Many sites originating from an existing vulnerability in the Easy SMTP plugin, often used in WordPress sites, have been hacked.
Easy SMTP, which is used as an E-mail SMTP plugin, has a download of around 300,000 via WordPress. The 1.3.9 version of the Plugin has been redirected to different sites through the database of many sites originating from the open.
The user who adds Himself to the system subscribes to the Wp_user_roles database and has admin privileges by expanding their privileges. It also redirects the SiteURL address from the database to another address and directs the site visitors to sites that force them to make various downloads.
If your WordPress Site is Hacked Via Easy Smtp
First, you need to be able to access your site's database. If you can't get it Yourself, you can request support from a web designer. Even If you are not experienced in these matters, it will be more accurate to get professional support directly.
1-Replace the SiteURL line from the Data base with the URL that your site address should be.
2-Delete the user who has unauthorized self-adding from the Wp_users field in the Database. (Especially beware of these nickas; devidpentesting99, larryking99)
3-Delete all data from the Database from the Wp_usermeta field with the help of the unauthorized user's ID.
4-Check back all users through the Admin panel, delete the users you see suspicious.
5-Check your index. php file. Find and clear non-Familiar script tags.
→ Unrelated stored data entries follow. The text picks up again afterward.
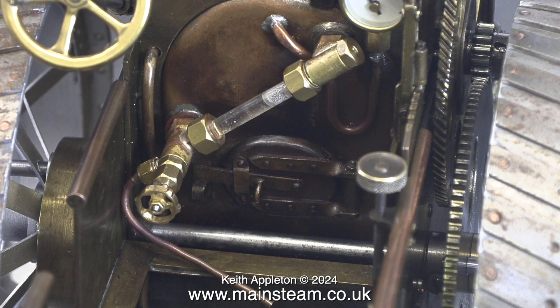And that is it — the end of the steam test. The water's nearly at the top of the glass, which shows how well the water pump works.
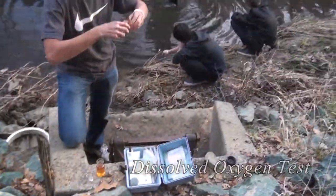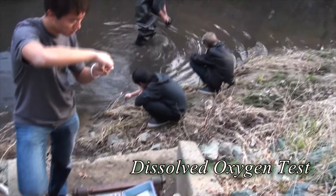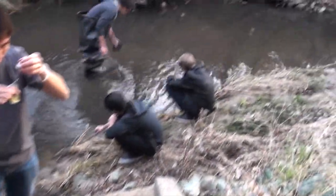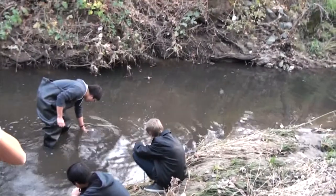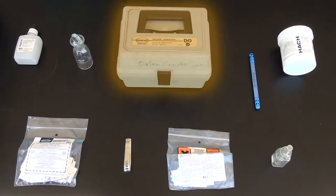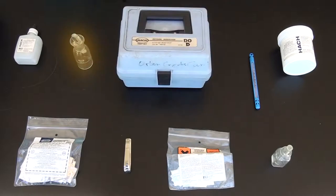The dissolved oxygen test is one of the primary tests that chemistry performs. The purpose of this test is to measure the creek's ability to support life by testing for atmospheric oxygen mixed in the water. To perform this test, you will require the DO kit. This kit should include a bottle and stopper, a square beaker and glass test tube, thermometer, and nail clippers, along with the following chemicals.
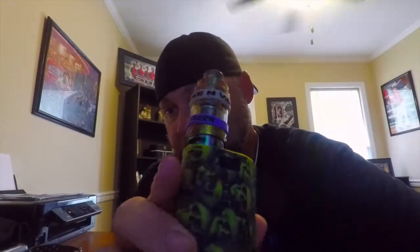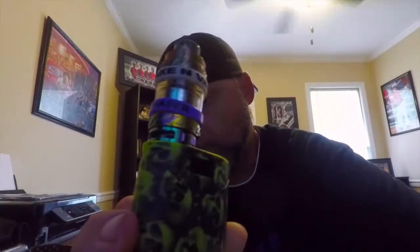There it is with the green one on — looks kind of badass, I like it. I get a lot of compliments on the skulls. I could rock either the green one or the black and white one — the skulls are more pronounced on the black and white. Put it back on so you can see. Everyone's like 'man, where'd you get that custom mod?' and it's like, this is a GX 350 with a cover on it.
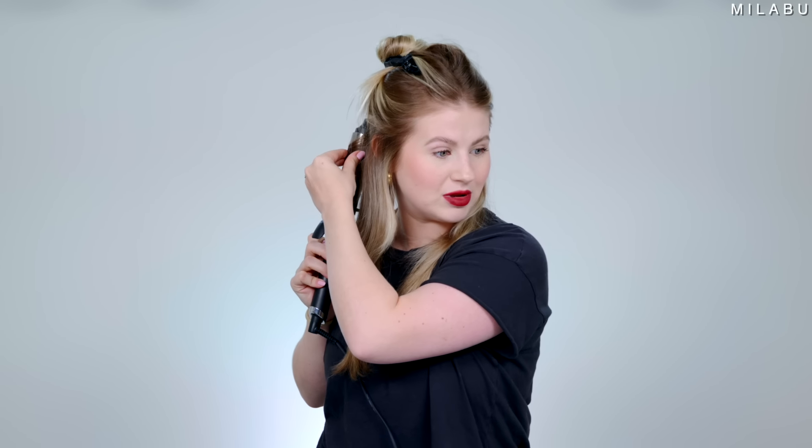So with the 1.25 inch iron, I'm twisting away from my face. Hold it there for a couple of seconds — I like to touch it as it's starting to feel hot. Then one twist, second twist, bring it down gently, third, fourth, fifth, sixth, seventh twist, and then very gently drag the ends of my hair. I try to unclip it every single twist so it doesn't pull on my hair as much.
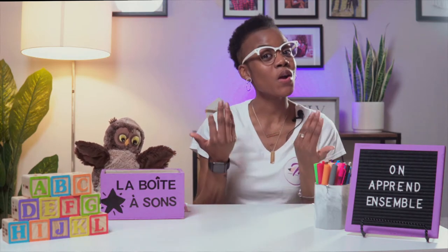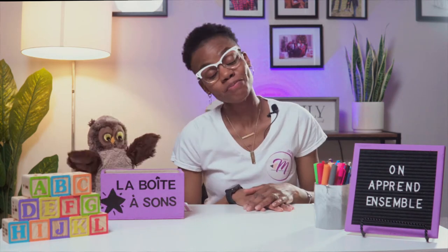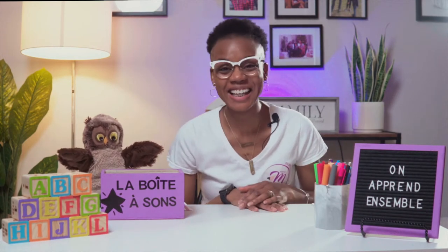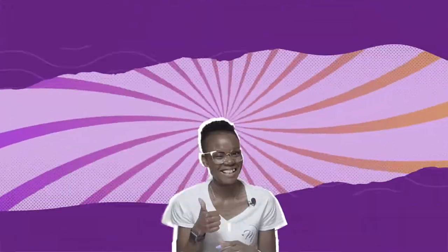Alors, aujourd'hui, nous allons apprendre un son d'une lettre de l'alphabet. I love this! This is where we get to learn a sound from the letter, or a letter, from the alphabet. Êtes-vous prêts à apprendre avec nous? Are you ready to learn with us? Oui! Super! Let's go!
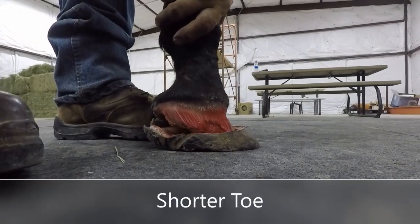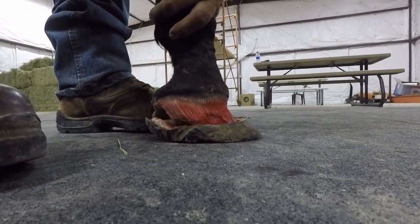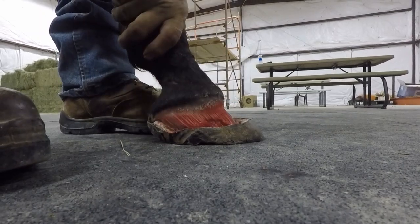Looks like it has more cupping to it right there in the toe, so it's holding — it's not moving it back as far.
6-Change the password of your Admin password database name and password as an extra email address
7-If you Still want to use this add-on update. (the update is known to close the deficit)
8-I found that the Yoast Seo plugin was affected by the attack. Now you will have to delete and reinstall the Yoast Seo plugin that I can recommend.
There is no clarity in my opinion about the depth in which This attack is a fresh attack. So It will be useful to scan your site with some viruses and malware plugins that you trust.
Keeping track of developments about this hack attack periodically will allow you To have more detailed information about the diameter of the attack.
for More detailed information; You can read the article published in the Block of Wordfance security plugin. Wordfance Easy Stmp
If you have encountered This attack or have more information about additional measures to repel the attack, it is helpful to share your information in the comments section.